■ Data extract ■
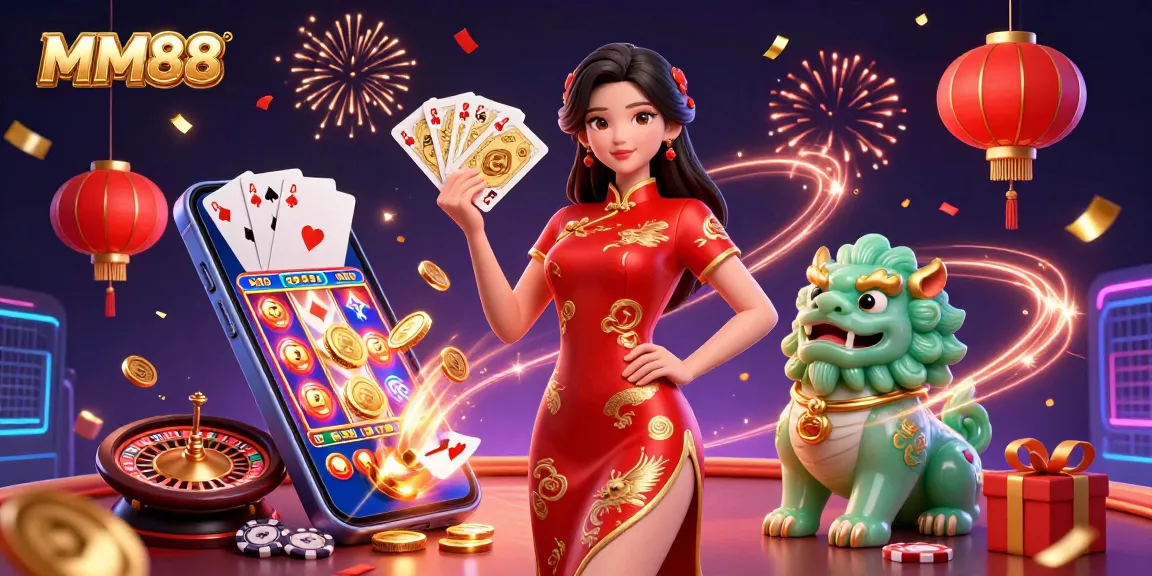 Experience thrilling gaming at MM88 with an elegant figure, casino elements, and vibrant confetti.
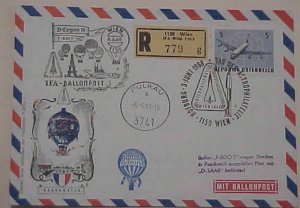AUSTRIA  BALLOON REGISTERED COVER 1968 CACHETED
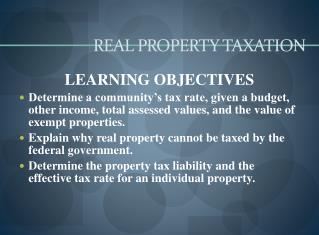 REAL PROPERTY TAXATION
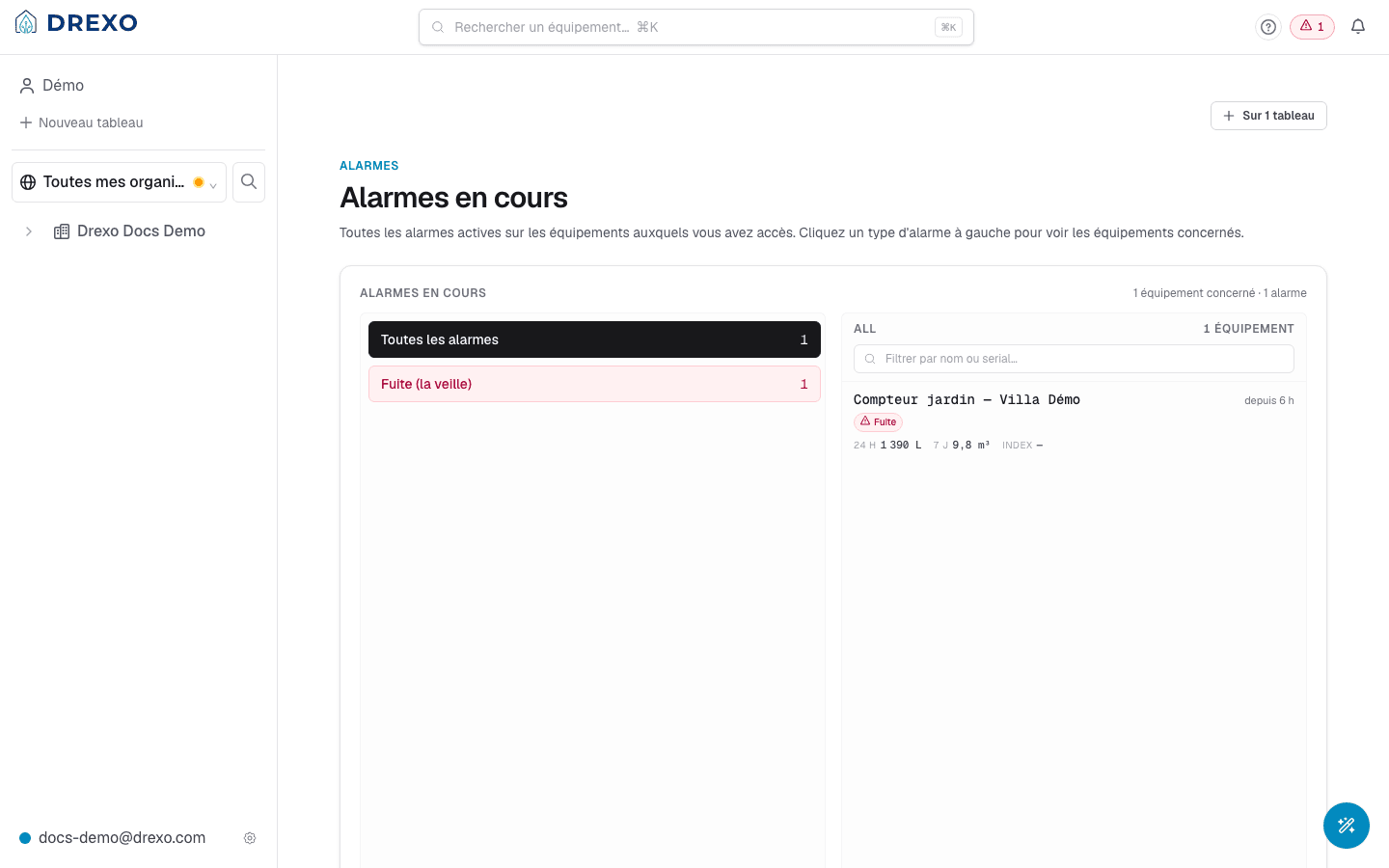 Page Alarmes Drexo avec le volet gauche par type et le volet droit par appareil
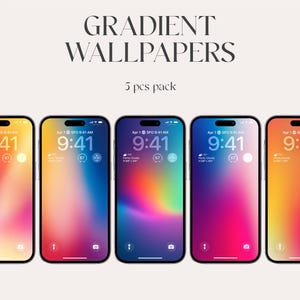 May include: Five smartphones displaying colorful gradient wallpapers. Each phone shows a different blend of colors, including pink, blue, yellow, and orange. The time is displayed as 9:41 AM. The text "GRADIENT WALLPAPERS" and "5 pcs pack" are at the top.
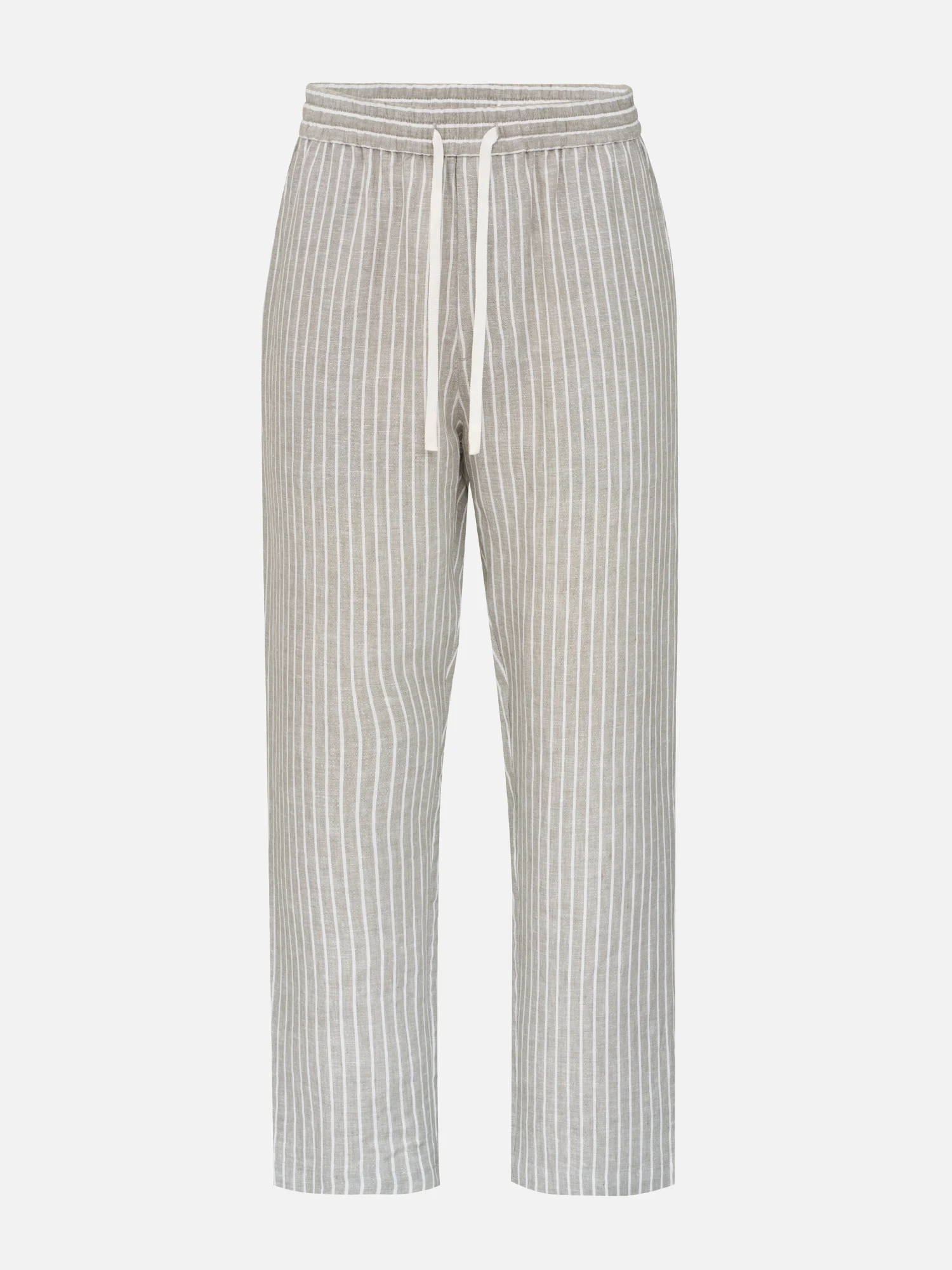 Striped Linen Elastic Waist Trousers - Image 2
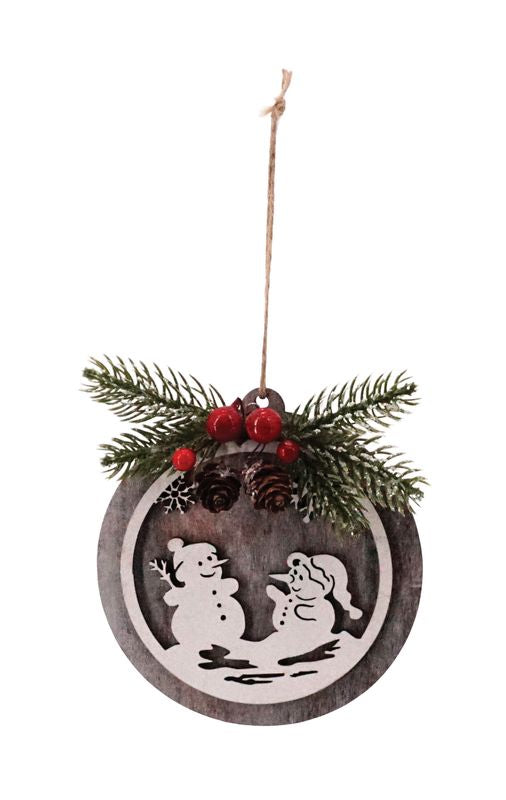 Round Wooden Snowman Scene w/Pine Spray Ornament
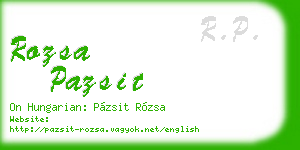 rozsa pazsit business card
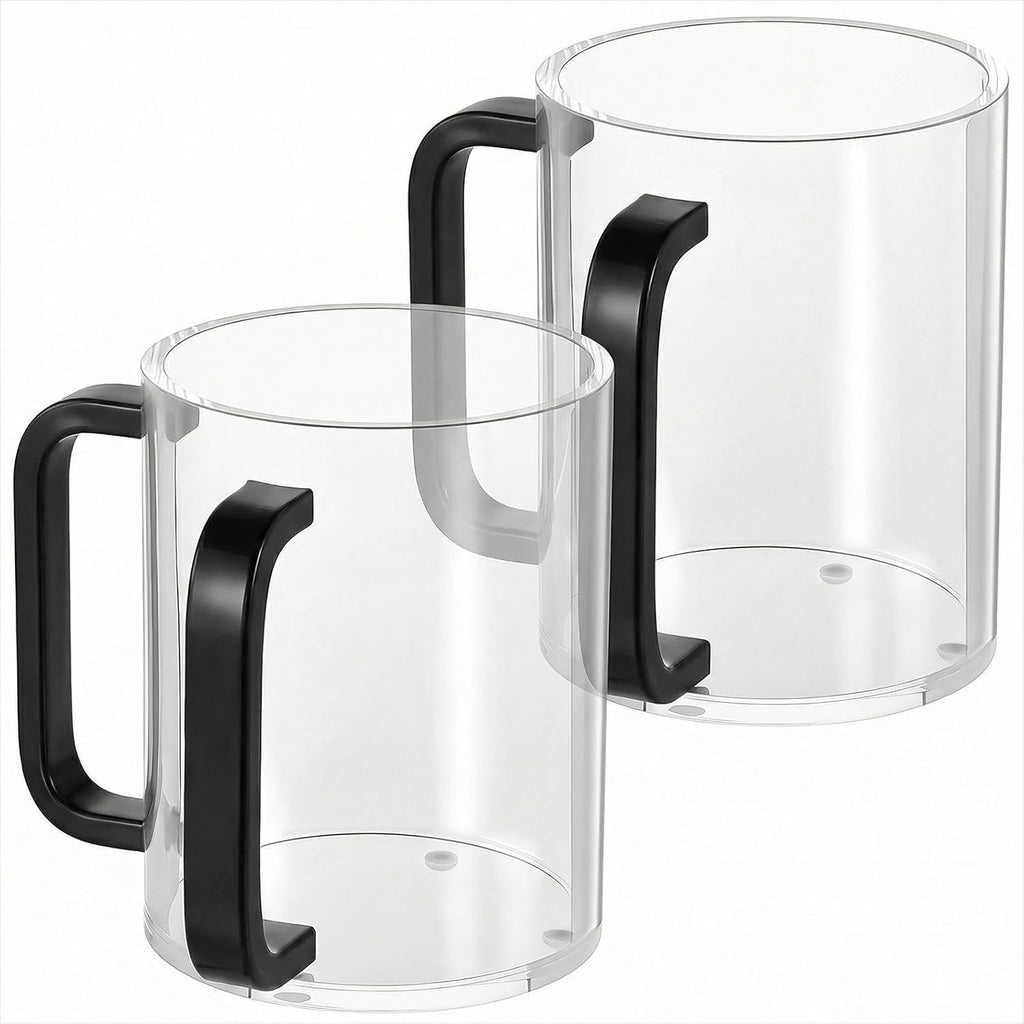 2 Pcs Judaica Hand Washing Cup with Dual Handles,5" Acrylic Clear Netilat Yadayim Cup lota for Bathroom(black Handle)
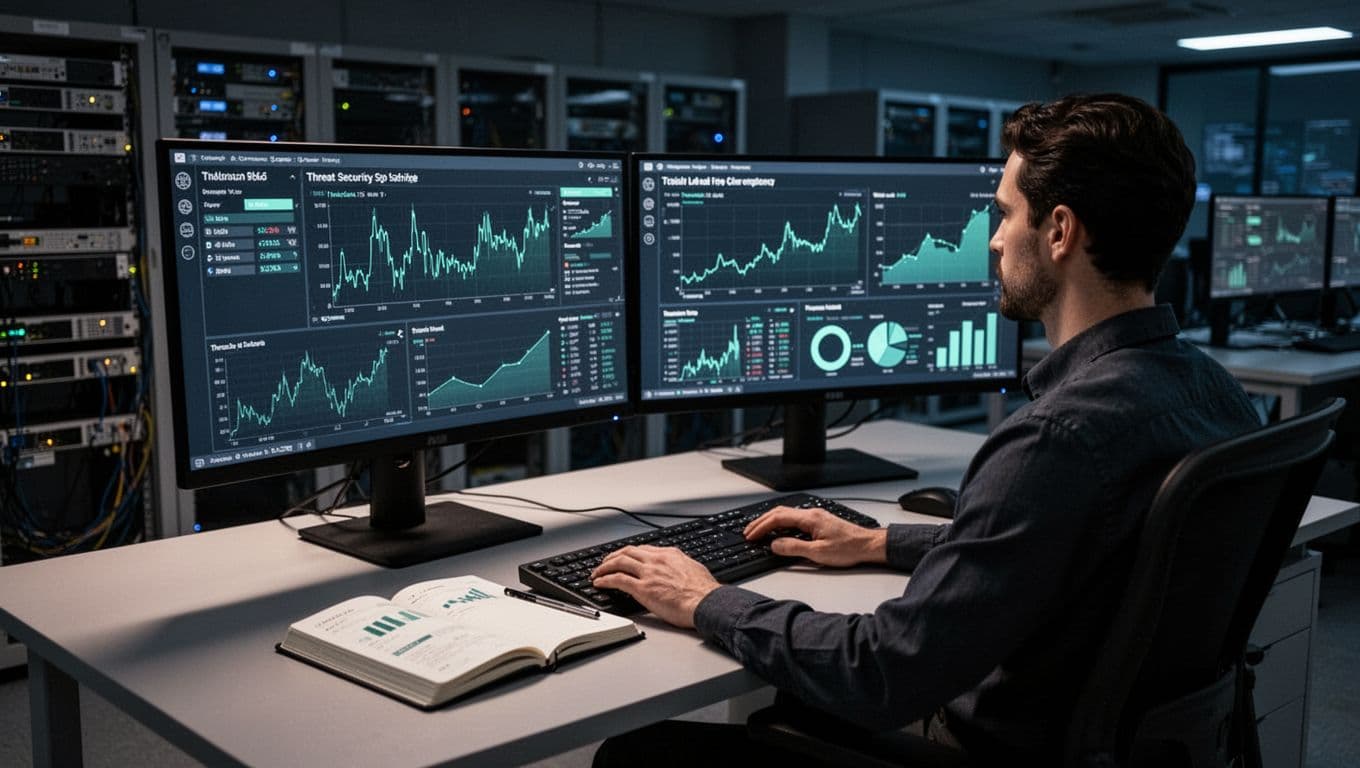 Modern illustration of a cybersecurity professional in a dimly lit SOC room analyzing threat intelligence on dual monitors with notebooks on the desk, green accents on charts.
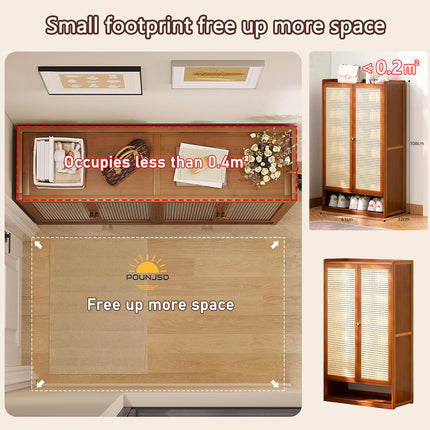 2 Door Dustproof Bamboo Shoe Cabinet Storage Organiser Durable for Home Enterway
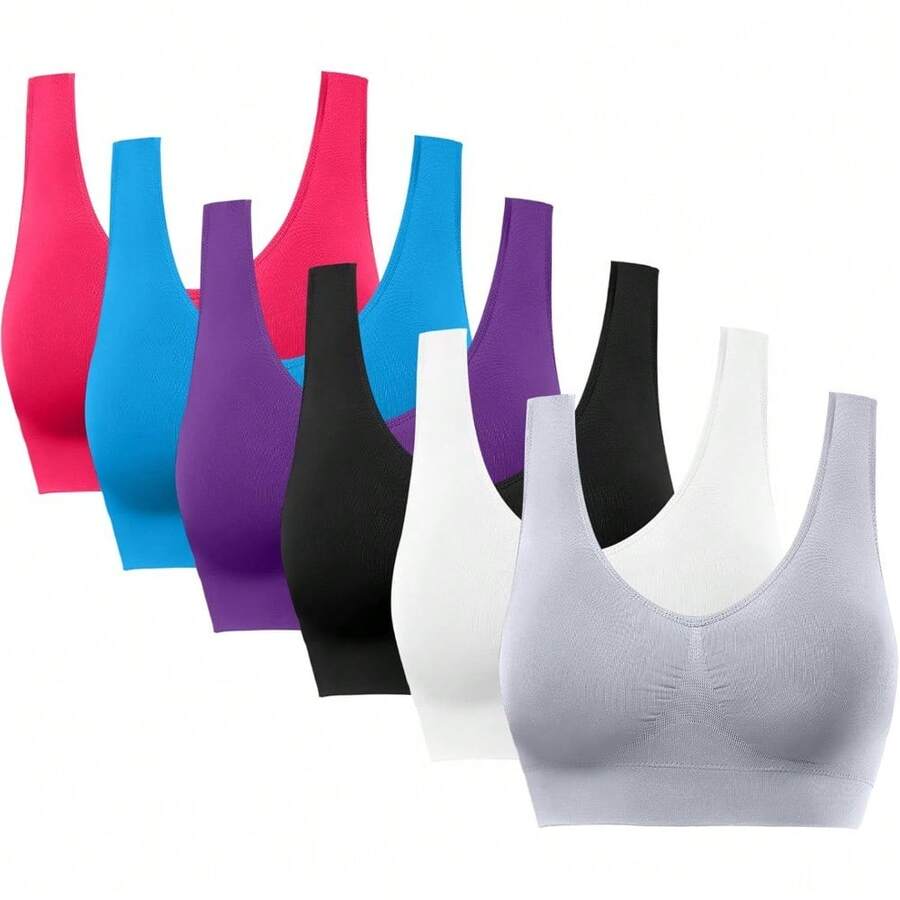 Sports Bras For Women, Seamless Comfortable Yoga Bra With Removable Pads - 08-6 Paket Hitam Putih Abu-abu Biru Ungu Mawar - View 1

■ Task directions ■
In your reply, please print exactly the lines from the one with "Modern illustration of" through the final line of the listing above, both included, and no pictures.

■ Answer for the task ■
 Modern illustration of a cybersecurity professional in a dimly lit SOC room analyzing threat intelligence on dual monitors with notebooks on the desk, green accents on charts.
 2 Door Dustproof Bamboo Shoe Cabinet Storage Organiser Durable for Home Enterway
 Sports Bras For Women, Seamless Comfortable Yoga Bra With Removable Pads - 08-6 Paket Hitam Putih Abu-abu Biru Ungu Mawar - View 1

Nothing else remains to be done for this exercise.